Comparez 1 Corinthiens 4.13.
Comparez Lamentations 2.16 et Jérémie 48.43.
La frayeur désigne tous les moyens par lesquels on effraie le gibier et la fosse le piège dans lequel il va tomber.
Comparez Lamentations 1.16 ; Lamentations 2.11.
Mon œil me fait mal à force de pleurer la ruine de mon peuple ; comparez Lamentations 1.4 ; Lamentations 2.10.
Le prophète fait ici allusion à ses souffrances bien connues dans les temps qui ont précédé la ruine, comparez entre autres Jérémie chapitre 38. Mais ce tableau est poétique et l’on ne doit pas prendre tous les détails à la lettre.
Comparez Psaumes 11.4.
Mes ennemis : ses compatriotes acharnés à sa perte.
Jeté une pierre sur moi : pour fermer sur lui l’ouverture de la fosse. Il devait être désormais un homme oublié.

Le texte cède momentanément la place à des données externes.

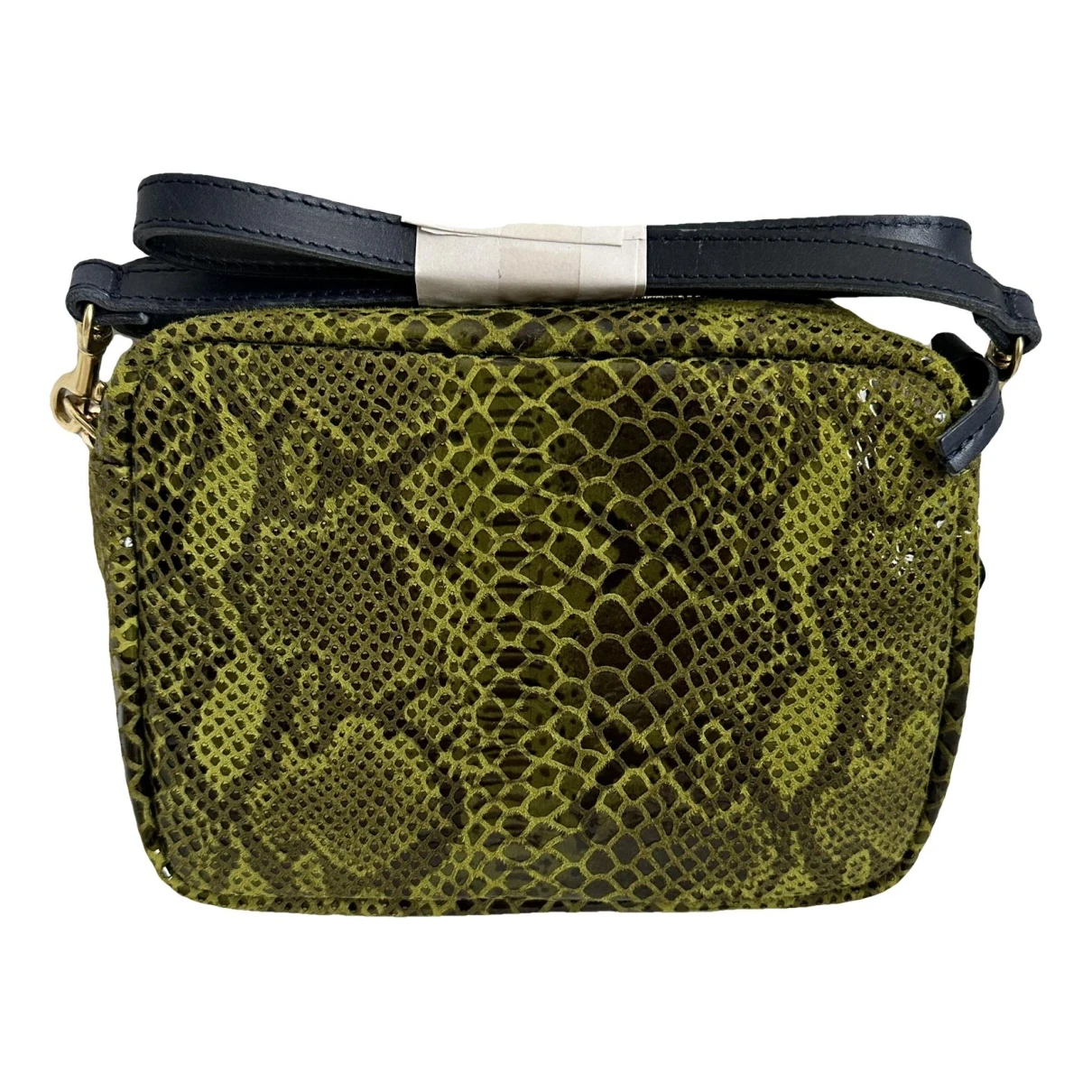 Pre-owned Clare V Leather Crossbody Bag In Green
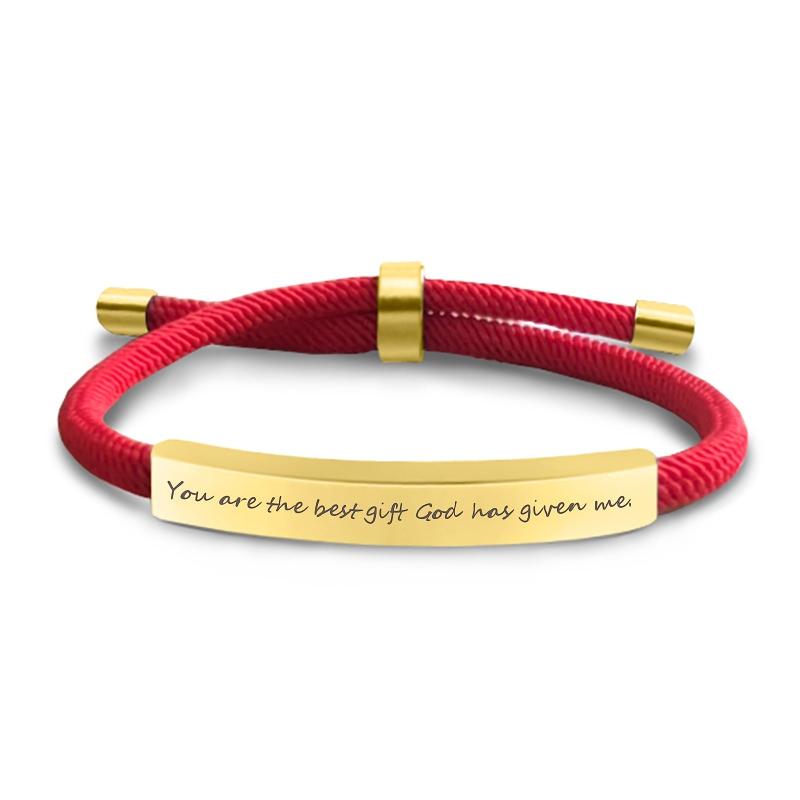 Personalized Stainless Steel Engraved Pet Name Bracelet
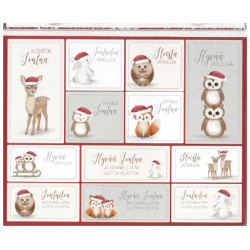 Pakettitarrat Metsanelaimet joulu 3 arkkia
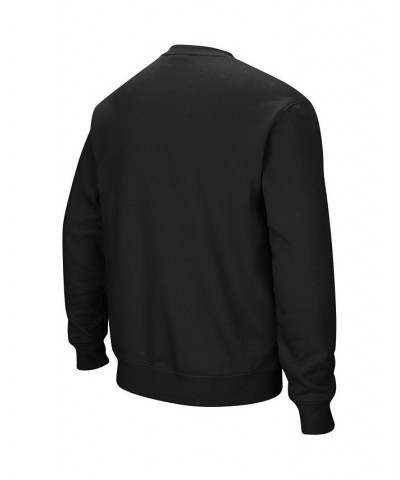 Men's Black Wisconsin Badgers Arch & Logo Crew Neck Sweatshirt $35.99 Sweatshirt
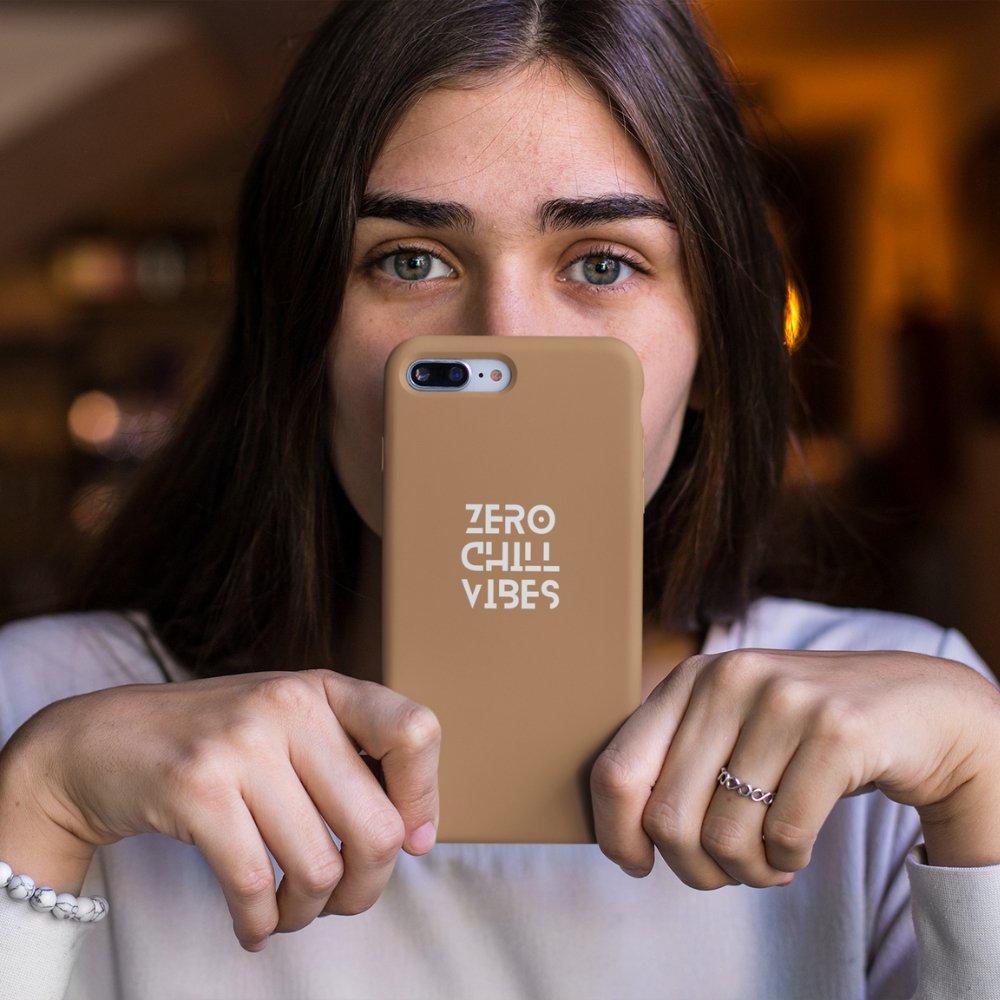 Zero Chill Vibes | Tough Phone Cases - ThePrintMasters - ThePrintMasters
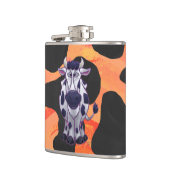 牛の黒とオレンジの野生の私 フラスク (左)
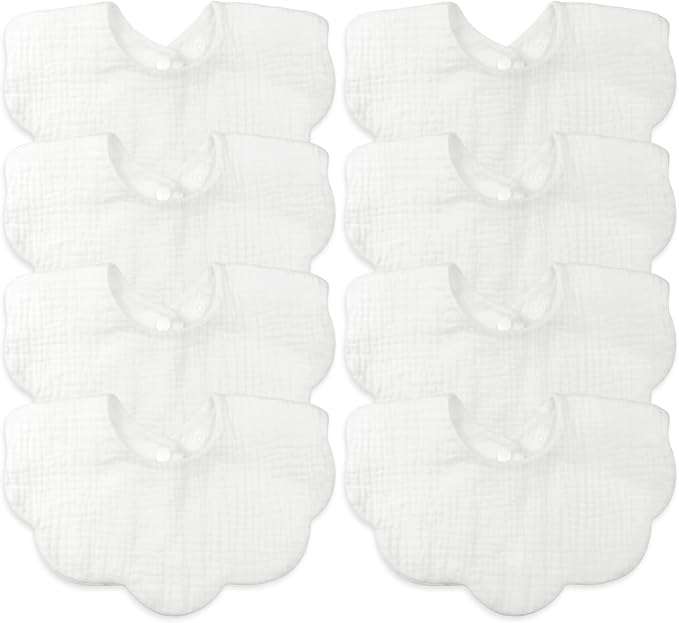 Baby Bibs Muslin Drool Teething Drooling Bibs for Baby Girl Boy Muslin Cotton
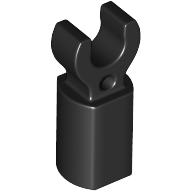 Stangenhalter mit Clip Schwarz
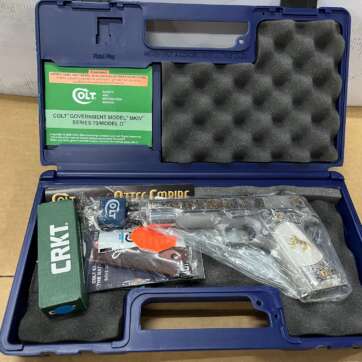 Colt Talo 1911 GOV 38 Super AZTEC EMPIRE STAINLESS O1911C-SS38-QTZ - American Guns & Ammo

Les eaux : sans doute les eaux qui montent dans le puits où on l’a enfermé. Les eaux sont fréquemment, dans l’Ancien Testament, l’image d’un danger de mort imminent (Psaumes 42.8 ; Psaumes 18.17, etc.).
Le prophète se fortifie, en vue de ses souffrances actuelles, par le souvenir de l’exaucement et de la délivrance qu’il avait obtenus dans ce moment d’extrême détresse.
La fosse des enfers : littéralement : la fosse des lieux bas. Il veut parler du lieu des morts, qu’on se représentait placé dans le sein de la terre et où il se croyait prêt à descendre. Comparez Psaumes 88.7.
Dieu a pris alors la défense du prophète et l’a merveilleusement délivré (verset 58). Mais il est encore en proie aux mauvais traitements de ses compatriotes (versets 59 et 60). Il s’agit sans doute dans ce passage de ce qu’il a eu à souffrir de leur part après la ruine de Jérusalem et jusqu’en Égypte (comparez Jérémie chapitres 43 à 45). Mais encore ici il ne voit dans son sort personnel que l’exemple des souffrances d’Israël tout entier ; par conséquent le châtiment qu’il attend pour ses ennemis, doit frapper à plus forte raison ceux de son peuple.
Leur chanson : comparez verset 14.
Tu les rétribueras… Comparez Romains 11.8-10.
Endurcissement : littéralement : couverture. L’image est celle d’un voile qui empêche de voir ; comparez 2 Corinthiens 3.15. Il vient un moment où ceux qui ont volontairement et obstinément repoussé la lumière, sont rendus incapables de la discerner et abandonnés à l’esprit de mensonge auquel ils se sont livrés ; comparez Ésaïe 6.9-10 ; 2 Thessaloniciens 2.11-12.
Les cieux de l’Éternel. Il eût pu dire : tes cieux. Mais cette expression doit rappeler que les cieux d’un être tel que le Dieu saint, ne doivent abriter rien d’impur. Psaumes 104.35.